§ **Extracted material**:
● ● ● ●
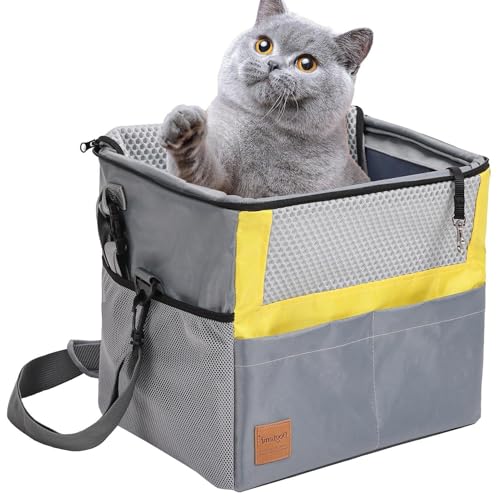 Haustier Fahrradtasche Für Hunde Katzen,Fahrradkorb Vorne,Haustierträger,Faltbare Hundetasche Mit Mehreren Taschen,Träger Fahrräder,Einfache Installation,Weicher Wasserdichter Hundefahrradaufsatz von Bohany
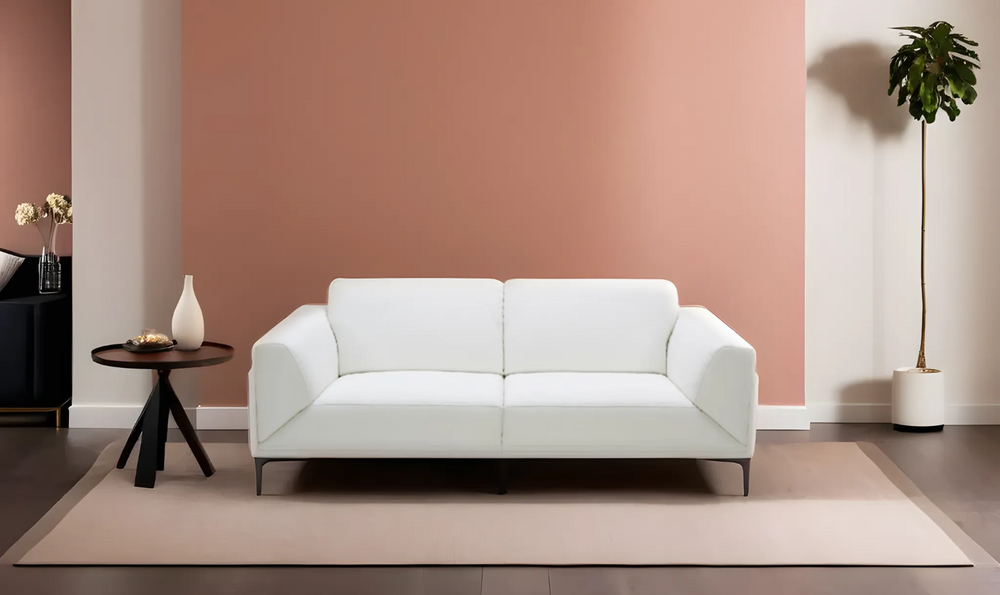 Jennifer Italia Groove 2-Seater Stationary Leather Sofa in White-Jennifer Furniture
● ● ● ●
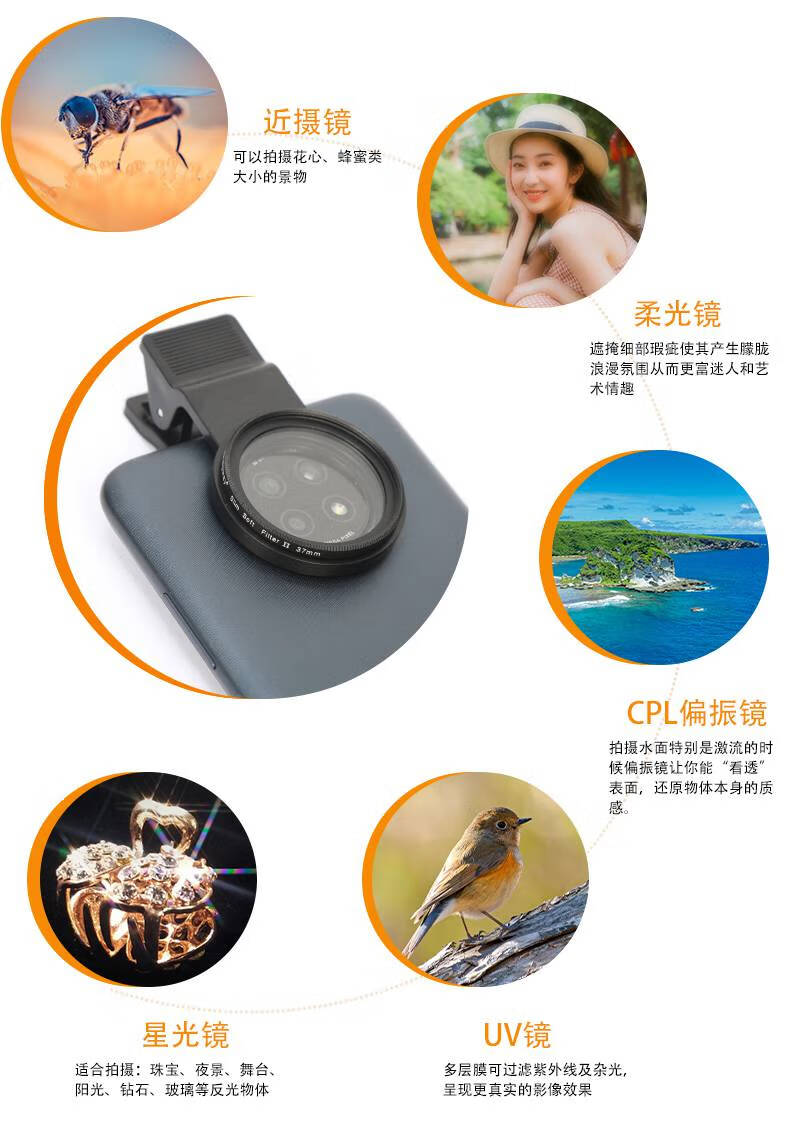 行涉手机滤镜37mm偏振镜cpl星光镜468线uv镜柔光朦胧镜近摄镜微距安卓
● ● ● ●
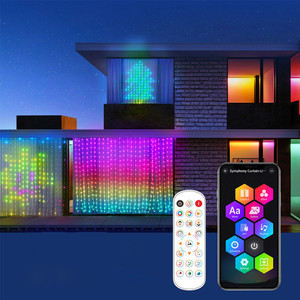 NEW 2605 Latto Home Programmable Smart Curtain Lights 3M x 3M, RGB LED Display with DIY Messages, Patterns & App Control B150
● ● ● ●
§ **Activity**:
In the material above, which lines fall between the one holding "Haustier Fahrradtasche Für" and the one holding "Jennifer Italia Groove", inclusive? Print exactly those, with the pictures left out.

§ **Task output**:
 Haustier Fahrradtasche Für Hunde Katzen,Fahrradkorb Vorne,Haustierträger,Faltbare Hundetasche Mit Mehreren Taschen,Träger Fahrräder,Einfache Installation,Weicher Wasserdichter Hundefahrradaufsatz von Bohany
 Jennifer Italia Groove 2-Seater Stationary Leather Sofa in White-Jennifer Furniture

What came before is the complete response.